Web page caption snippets
----
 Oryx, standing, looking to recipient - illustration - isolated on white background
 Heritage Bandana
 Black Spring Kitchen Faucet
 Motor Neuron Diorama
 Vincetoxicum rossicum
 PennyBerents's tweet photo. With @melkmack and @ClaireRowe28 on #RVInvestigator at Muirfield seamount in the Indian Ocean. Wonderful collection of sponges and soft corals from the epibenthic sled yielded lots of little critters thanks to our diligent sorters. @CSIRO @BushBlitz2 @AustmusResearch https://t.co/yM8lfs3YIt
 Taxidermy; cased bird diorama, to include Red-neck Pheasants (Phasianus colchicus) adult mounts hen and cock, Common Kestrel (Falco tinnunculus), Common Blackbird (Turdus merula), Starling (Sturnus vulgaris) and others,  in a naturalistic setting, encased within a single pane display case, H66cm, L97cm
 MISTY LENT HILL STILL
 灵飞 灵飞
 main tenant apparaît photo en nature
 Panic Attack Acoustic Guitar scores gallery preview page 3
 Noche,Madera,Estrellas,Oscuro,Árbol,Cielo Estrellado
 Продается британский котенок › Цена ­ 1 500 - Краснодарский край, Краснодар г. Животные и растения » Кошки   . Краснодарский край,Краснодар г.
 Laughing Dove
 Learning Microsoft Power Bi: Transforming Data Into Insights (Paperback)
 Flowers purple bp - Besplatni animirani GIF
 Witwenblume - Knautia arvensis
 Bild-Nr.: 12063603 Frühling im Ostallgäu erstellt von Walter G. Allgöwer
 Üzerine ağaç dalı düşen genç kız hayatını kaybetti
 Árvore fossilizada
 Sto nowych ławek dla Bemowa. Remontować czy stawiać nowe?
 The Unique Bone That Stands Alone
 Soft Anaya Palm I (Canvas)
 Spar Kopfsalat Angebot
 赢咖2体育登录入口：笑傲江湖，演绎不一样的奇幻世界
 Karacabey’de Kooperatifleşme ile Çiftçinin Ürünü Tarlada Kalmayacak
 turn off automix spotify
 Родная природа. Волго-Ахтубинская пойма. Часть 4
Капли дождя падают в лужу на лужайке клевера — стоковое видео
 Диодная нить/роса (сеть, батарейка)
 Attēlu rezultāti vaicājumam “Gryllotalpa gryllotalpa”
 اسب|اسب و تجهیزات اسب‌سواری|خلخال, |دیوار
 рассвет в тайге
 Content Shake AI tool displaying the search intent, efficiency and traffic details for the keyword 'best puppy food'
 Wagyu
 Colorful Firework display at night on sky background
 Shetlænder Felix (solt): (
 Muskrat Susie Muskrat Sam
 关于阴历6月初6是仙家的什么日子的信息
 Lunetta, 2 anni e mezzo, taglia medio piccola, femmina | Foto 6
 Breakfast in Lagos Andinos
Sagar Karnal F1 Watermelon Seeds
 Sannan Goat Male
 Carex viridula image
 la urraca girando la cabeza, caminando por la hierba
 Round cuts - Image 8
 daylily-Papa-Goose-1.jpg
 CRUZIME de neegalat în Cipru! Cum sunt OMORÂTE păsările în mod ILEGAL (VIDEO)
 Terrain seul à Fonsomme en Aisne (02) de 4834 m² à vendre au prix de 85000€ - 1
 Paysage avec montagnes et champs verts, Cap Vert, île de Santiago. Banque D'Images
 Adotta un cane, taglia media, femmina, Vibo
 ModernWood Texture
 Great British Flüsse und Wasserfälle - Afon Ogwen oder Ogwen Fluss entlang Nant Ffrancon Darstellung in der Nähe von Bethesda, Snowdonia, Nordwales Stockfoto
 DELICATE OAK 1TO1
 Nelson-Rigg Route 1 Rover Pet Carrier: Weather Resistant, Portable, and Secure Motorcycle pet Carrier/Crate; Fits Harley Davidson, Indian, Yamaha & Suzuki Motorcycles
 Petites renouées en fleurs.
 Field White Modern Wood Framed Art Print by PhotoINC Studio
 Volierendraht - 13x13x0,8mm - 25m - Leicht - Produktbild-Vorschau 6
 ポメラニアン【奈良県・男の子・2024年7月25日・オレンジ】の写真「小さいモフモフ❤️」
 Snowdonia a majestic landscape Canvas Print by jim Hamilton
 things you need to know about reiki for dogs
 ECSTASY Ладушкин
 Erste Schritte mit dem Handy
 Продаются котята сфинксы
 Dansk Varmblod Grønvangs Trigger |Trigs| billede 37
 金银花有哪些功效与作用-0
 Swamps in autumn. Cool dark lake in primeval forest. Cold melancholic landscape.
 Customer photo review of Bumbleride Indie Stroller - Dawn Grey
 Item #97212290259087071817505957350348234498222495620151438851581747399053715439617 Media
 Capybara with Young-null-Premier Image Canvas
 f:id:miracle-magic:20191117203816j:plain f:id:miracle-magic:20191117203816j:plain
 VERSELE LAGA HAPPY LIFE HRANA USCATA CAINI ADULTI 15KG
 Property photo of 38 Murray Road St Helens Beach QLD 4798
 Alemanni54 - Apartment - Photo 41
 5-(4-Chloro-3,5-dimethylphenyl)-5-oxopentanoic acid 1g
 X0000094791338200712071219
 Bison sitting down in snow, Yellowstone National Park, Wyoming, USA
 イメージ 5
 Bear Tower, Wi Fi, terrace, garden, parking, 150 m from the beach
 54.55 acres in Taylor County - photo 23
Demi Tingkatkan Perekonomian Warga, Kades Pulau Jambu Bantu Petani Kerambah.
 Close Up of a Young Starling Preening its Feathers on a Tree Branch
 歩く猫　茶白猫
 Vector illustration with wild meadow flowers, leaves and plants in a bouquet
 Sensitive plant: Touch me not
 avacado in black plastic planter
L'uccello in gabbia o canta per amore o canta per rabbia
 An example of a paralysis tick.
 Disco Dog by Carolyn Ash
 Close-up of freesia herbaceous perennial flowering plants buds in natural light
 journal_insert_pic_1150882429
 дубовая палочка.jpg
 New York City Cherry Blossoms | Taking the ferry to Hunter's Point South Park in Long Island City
----
What you need to do
Without omitting anything, output the entries exactly.

Problem solution
 Oryx, standing, looking to recipient - illustration - isolated on white background
 Heritage Bandana
 Black Spring Kitchen Faucet
 Motor Neuron Diorama
 Vincetoxicum rossicum
 PennyBerents's tweet photo. With @melkmack and @ClaireRowe28 on #RVInvestigator at Muirfield seamount in the Indian Ocean. Wonderful collection of sponges and soft corals from the epibenthic sled yielded lots of little critters thanks to our diligent sorters. @CSIRO @BushBlitz2 @AustmusResearch https://t.co/yM8lfs3YIt
 Taxidermy; cased bird diorama, to include Red-neck Pheasants (Phasianus colchicus) adult mounts hen and cock, Common Kestrel (Falco tinnunculus), Common Blackbird (Turdus merula), Starling (Sturnus vulgaris) and others,  in a naturalistic setting, encased within a single pane display case, H66cm, L97cm
 MISTY LENT HILL STILL
 灵飞 灵飞
 main tenant apparaît photo en nature
 Panic Attack Acoustic Guitar scores gallery preview page 3
 Noche,Madera,Estrellas,Oscuro,Árbol,Cielo Estrellado
 Продается британский котенок › Цена ­ 1 500 - Краснодарский край, Краснодар г. Животные и растения » Кошки   . Краснодарский край,Краснодар г.
 Laughing Dove
 Learning Microsoft Power Bi: Transforming Data Into Insights (Paperback)
 Flowers purple bp - Besplatni animirani GIF
 Witwenblume - Knautia arvensis
 Bild-Nr.: 12063603 Frühling im Ostallgäu erstellt von Walter G. Allgöwer
 Üzerine ağaç dalı düşen genç kız hayatını kaybetti
 Árvore fossilizada
 Sto nowych ławek dla Bemowa. Remontować czy stawiać nowe?
 The Unique Bone That Stands Alone
 Soft Anaya Palm I (Canvas)
 Spar Kopfsalat Angebot
 赢咖2体育登录入口：笑傲江湖，演绎不一样的奇幻世界
 Karacabey’de Kooperatifleşme ile Çiftçinin Ürünü Tarlada Kalmayacak
 turn off automix spotify
 Родная природа. Волго-Ахтубинская пойма. Часть 4
Капли дождя падают в лужу на лужайке клевера — стоковое видео
 Диодная нить/роса (сеть, батарейка)
 Attēlu rezultāti vaicājumam “Gryllotalpa gryllotalpa”
 اسب|اسب و تجهیزات اسب‌سواری|خلخال, |دیوار
 рассвет в тайге
 Content Shake AI tool displaying the search intent, efficiency and traffic details for the keyword 'best puppy food'
 Wagyu
 Colorful Firework display at night on sky background
 Shetlænder Felix (solt): (
 Muskrat Susie Muskrat Sam
 关于阴历6月初6是仙家的什么日子的信息
 Lunetta, 2 anni e mezzo, taglia medio piccola, femmina | Foto 6
 Breakfast in Lagos Andinos
Sagar Karnal F1 Watermelon Seeds
 Sannan Goat Male
 Carex viridula image
 la urraca girando la cabeza, caminando por la hierba
 Round cuts - Image 8
 daylily-Papa-Goose-1.jpg
 CRUZIME de neegalat în Cipru! Cum sunt OMORÂTE păsările în mod ILEGAL (VIDEO)
 Terrain seul à Fonsomme en Aisne (02) de 4834 m² à vendre au prix de 85000€ - 1
 Paysage avec montagnes et champs verts, Cap Vert, île de Santiago. Banque D'Images
 Adotta un cane, taglia media, femmina, Vibo
 ModernWood Texture
 Great British Flüsse und Wasserfälle - Afon Ogwen oder Ogwen Fluss entlang Nant Ffrancon Darstellung in der Nähe von Bethesda, Snowdonia, Nordwales Stockfoto
 DELICATE OAK 1TO1
 Nelson-Rigg Route 1 Rover Pet Carrier: Weather Resistant, Portable, and Secure Motorcycle pet Carrier/Crate; Fits Harley Davidson, Indian, Yamaha & Suzuki Motorcycles
 Petites renouées en fleurs.
 Field White Modern Wood Framed Art Print by PhotoINC Studio
 Volierendraht - 13x13x0,8mm - 25m - Leicht - Produktbild-Vorschau 6
 ポメラニアン【奈良県・男の子・2024年7月25日・オレンジ】の写真「小さいモフモフ❤️」
 Snowdonia a majestic landscape Canvas Print by jim Hamilton
 things you need to know about reiki for dogs
 ECSTASY Ладушкин
 Erste Schritte mit dem Handy
 Продаются котята сфинксы
 Dansk Varmblod Grønvangs Trigger |Trigs| billede 37
 金银花有哪些功效与作用-0
 Swamps in autumn. Cool dark lake in primeval forest. Cold melancholic landscape.
 Customer photo review of Bumbleride Indie Stroller - Dawn Grey
 Item #97212290259087071817505957350348234498222495620151438851581747399053715439617 Media
 Capybara with Young-null-Premier Image Canvas
 f:id:miracle-magic:20191117203816j:plain f:id:miracle-magic:20191117203816j:plain
 VERSELE LAGA HAPPY LIFE HRANA USCATA CAINI ADULTI 15KG
 Property photo of 38 Murray Road St Helens Beach QLD 4798
 Alemanni54 - Apartment - Photo 41
 5-(4-Chloro-3,5-dimethylphenyl)-5-oxopentanoic acid 1g
 X0000094791338200712071219
 Bison sitting down in snow, Yellowstone National Park, Wyoming, USA
 イメージ 5
 Bear Tower, Wi Fi, terrace, garden, parking, 150 m from the beach
 54.55 acres in Taylor County - photo 23
Demi Tingkatkan Perekonomian Warga, Kades Pulau Jambu Bantu Petani Kerambah.
 Close Up of a Young Starling Preening its Feathers on a Tree Branch
 歩く猫　茶白猫
 Vector illustration with wild meadow flowers, leaves and plants in a bouquet
 Sensitive plant: Touch me not
 avacado in black plastic planter
L'uccello in gabbia o canta per amore o canta per rabbia
 An example of a paralysis tick.
 Disco Dog by Carolyn Ash
 Close-up of freesia herbaceous perennial flowering plants buds in natural light
 journal_insert_pic_1150882429
 дубовая палочка.jpg
 New York City Cherry Blossoms | Taking the ferry to Hunter's Point South Park in Long Island City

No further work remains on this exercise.